_Your assignment_.
The response should be an exact transcription of the data below, free of images.

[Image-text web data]
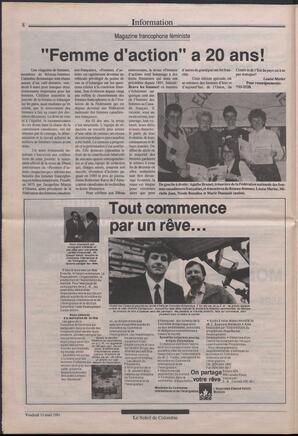 Le Soleil de Colombie, March 15, 1991, page 8
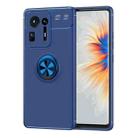 For Xiaomi Mix 4 Metal Ring Holder 360 Degree Rotating TPU Case(Blue) - 1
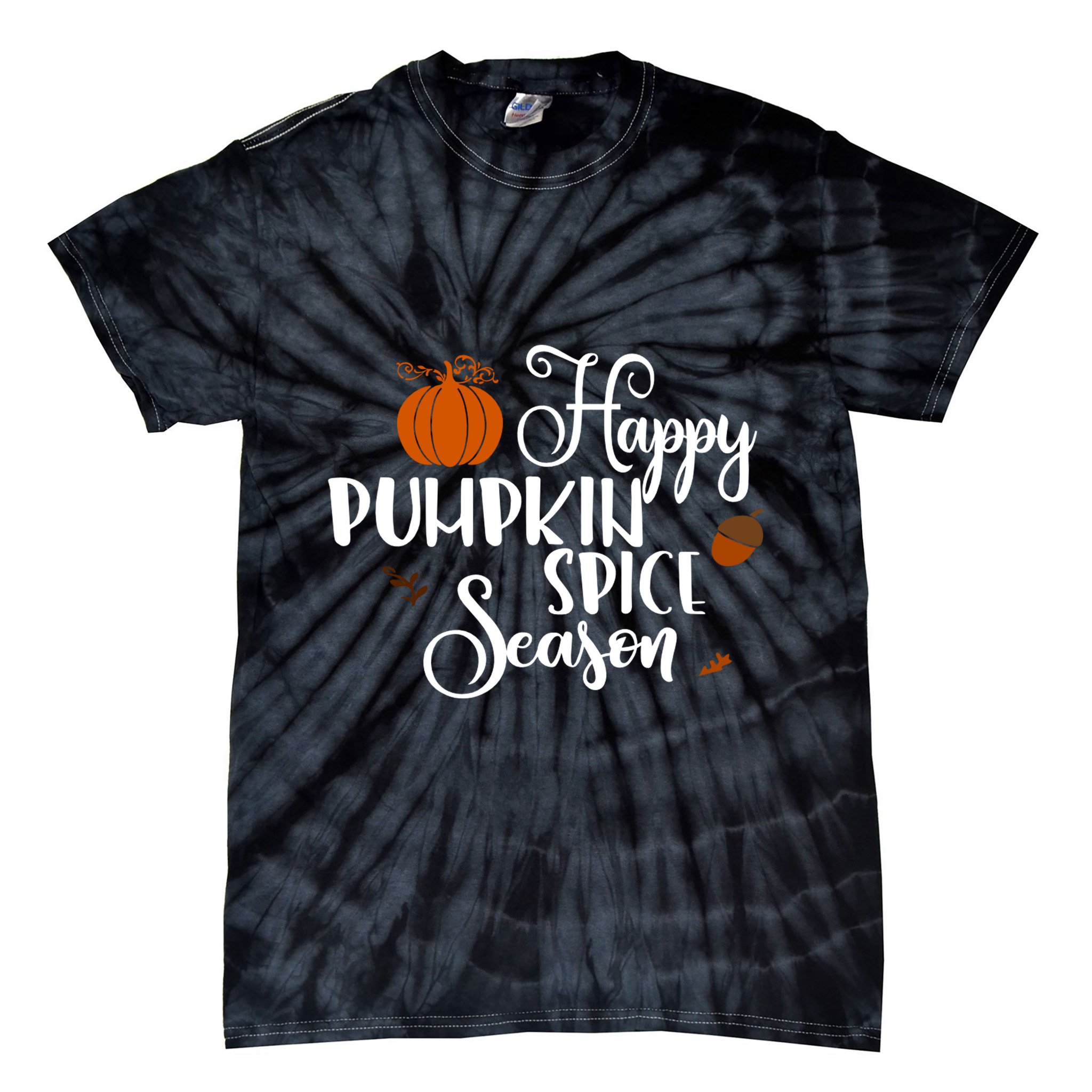 Happy Pumpkin Spice Season Tie-Dye T-Shirt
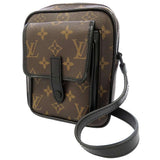 Louis Vuitton Shoulder Bag Monogram Macassar Christopher Wearable Wallet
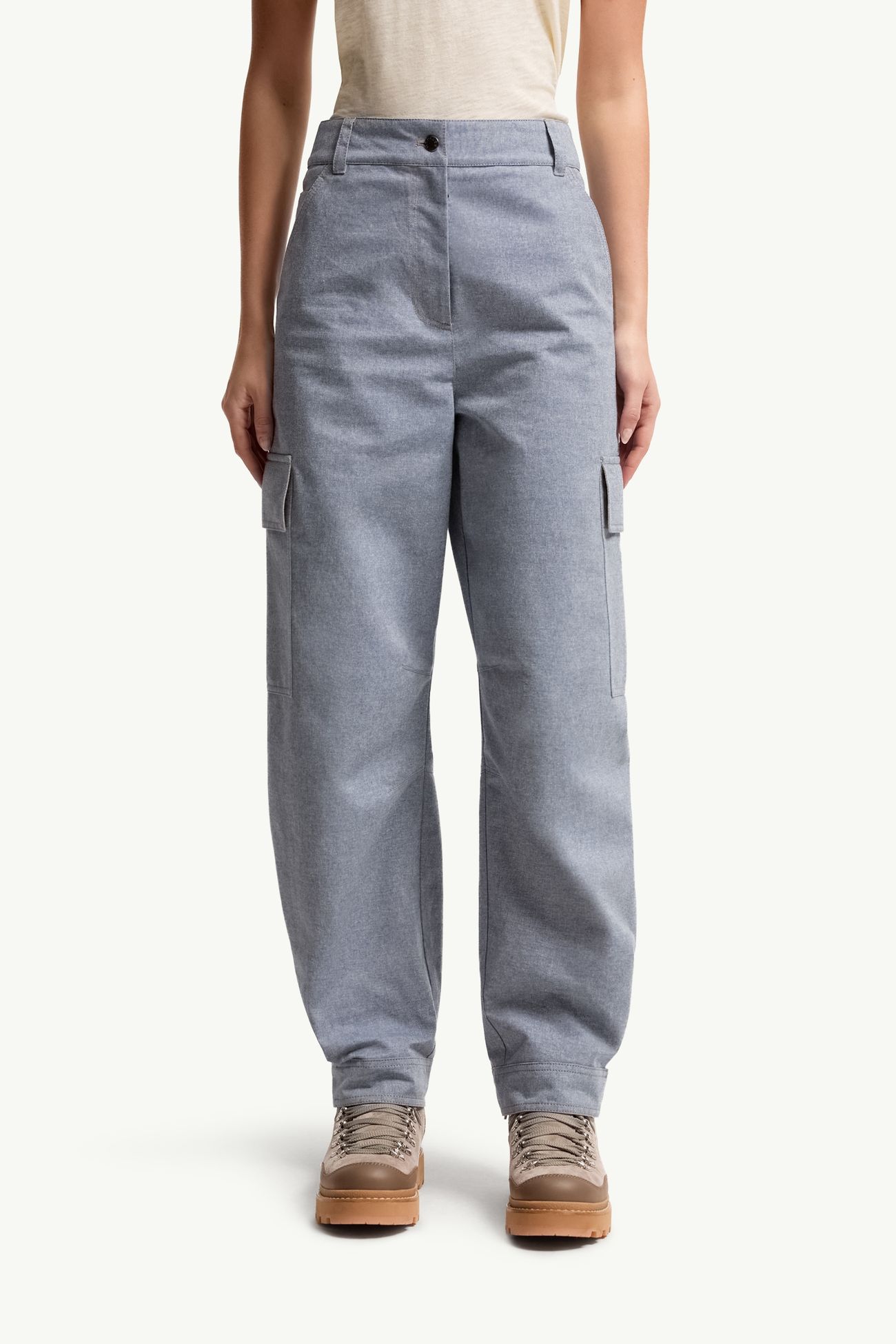 Pantaloni in chambray Donna Celeste Moncler 3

_Answer for the task_.
 Le Soleil de Colombie, March 15, 1991, page 8
 For Xiaomi Mix 4 Metal Ring Holder 360 Degree Rotating TPU Case(Blue) - 1
 Happy Pumpkin Spice Season Tie-Dye T-Shirt
 Louis Vuitton Shoulder Bag Monogram Macassar Christopher Wearable Wallet
 Pantaloni in chambray Donna Celeste Moncler 3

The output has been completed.